The Oak is an absorbing, complicated black comedy about Romania at the end of the Ceauşescu regime. A young schoolteacher named Nela embarks on a spiritual journey after the death of her father, a former government official, whose ashes she takes to toting in a coffee jar. On her wanderings through grotesque and often violent surroundings, she meets Mitică. The couple, like Tristan and Isolde at the gates of the Orient, cannot live out their love according to the rules. A series of events – floods, pollution, Mitică’s arrest, military maneuvers and massacres – split up our heroes, and reveal a context in which nothing works properly and everything seems to be falling apart.

The new 4K restoration has been made with the support of Fundația9 Romania through the Lucian Pintilie Cinema Fund.

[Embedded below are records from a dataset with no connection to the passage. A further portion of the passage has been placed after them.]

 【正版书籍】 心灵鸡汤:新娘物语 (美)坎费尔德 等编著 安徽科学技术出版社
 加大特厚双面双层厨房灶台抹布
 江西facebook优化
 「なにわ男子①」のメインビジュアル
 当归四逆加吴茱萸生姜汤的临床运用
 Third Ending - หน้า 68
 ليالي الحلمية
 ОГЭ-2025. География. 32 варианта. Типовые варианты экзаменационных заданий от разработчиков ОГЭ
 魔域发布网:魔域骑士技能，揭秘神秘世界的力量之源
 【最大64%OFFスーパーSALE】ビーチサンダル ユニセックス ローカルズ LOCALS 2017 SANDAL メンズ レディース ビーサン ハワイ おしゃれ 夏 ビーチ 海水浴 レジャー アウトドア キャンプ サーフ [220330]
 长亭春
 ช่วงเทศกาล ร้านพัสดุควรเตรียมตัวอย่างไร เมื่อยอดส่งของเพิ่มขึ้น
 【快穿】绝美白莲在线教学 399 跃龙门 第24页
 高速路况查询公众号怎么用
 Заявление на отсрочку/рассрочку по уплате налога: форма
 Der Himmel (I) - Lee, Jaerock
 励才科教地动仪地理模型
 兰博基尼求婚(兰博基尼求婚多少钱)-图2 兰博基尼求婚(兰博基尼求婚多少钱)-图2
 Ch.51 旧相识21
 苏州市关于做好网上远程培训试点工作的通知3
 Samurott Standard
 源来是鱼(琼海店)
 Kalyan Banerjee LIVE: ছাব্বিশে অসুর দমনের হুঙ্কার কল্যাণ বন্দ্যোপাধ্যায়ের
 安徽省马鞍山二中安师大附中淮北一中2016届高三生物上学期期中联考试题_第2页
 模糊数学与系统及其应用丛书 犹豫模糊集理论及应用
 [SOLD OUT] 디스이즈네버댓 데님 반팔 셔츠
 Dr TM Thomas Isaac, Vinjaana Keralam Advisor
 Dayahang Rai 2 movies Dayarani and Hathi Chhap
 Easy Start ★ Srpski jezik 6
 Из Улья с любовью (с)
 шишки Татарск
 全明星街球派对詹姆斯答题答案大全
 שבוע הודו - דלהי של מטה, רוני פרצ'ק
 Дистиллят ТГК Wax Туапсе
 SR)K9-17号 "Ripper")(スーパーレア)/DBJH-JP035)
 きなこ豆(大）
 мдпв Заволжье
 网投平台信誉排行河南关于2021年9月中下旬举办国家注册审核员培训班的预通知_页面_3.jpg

Soldiers: A Story from Ferentari | Directed by Ivana Mladenović | 2017 | 119 minutes | drama | Festivals: Toronto, San Sebastian – Sebastiane Award (Special mention), CPH:PIX – Jury Special Mention
May 2, 7:30PM at Northwest Film Forum


An unexpected romance blossoms between two men amid a ramshackle Bucharest neighborhood in this tender, offbeat love story. When Adi, an anthropologist researching regional pop music, meets Alberto, a burly Roma ex-con, the two lonely souls enter into a relationship that tests the societal and moral taboos of their community. Documentarian Ivana Mladenović brings a wonderfully loose-limbed, vérité naturalism to her auspicious narrative debut, based on the eponymous book written by Adrian Schiop who plays himself in the movie. 
WATCH THE PROGRAM TRAILER
ABOUT AMERICAN ROMANIAN CULTURAL SOCIETY SEATTLE

The Seattle-based non-profit American Romanian Cultural Society (ARCS) has the mission to create social change through film, art and education. With a focus on the Romanian heritage, ARCS promotes projects that build bridges between Eastern European cultures on the West Coast.

Since 2014, ARCS has been organizing the Romanian Film Festival in Seattle, a successful community building project in collaboration with Seattle International Film Festival. Hosted at SIFF Cinema Uptown, the event has been gathering around 2500 viewers of diverse cultural background each year.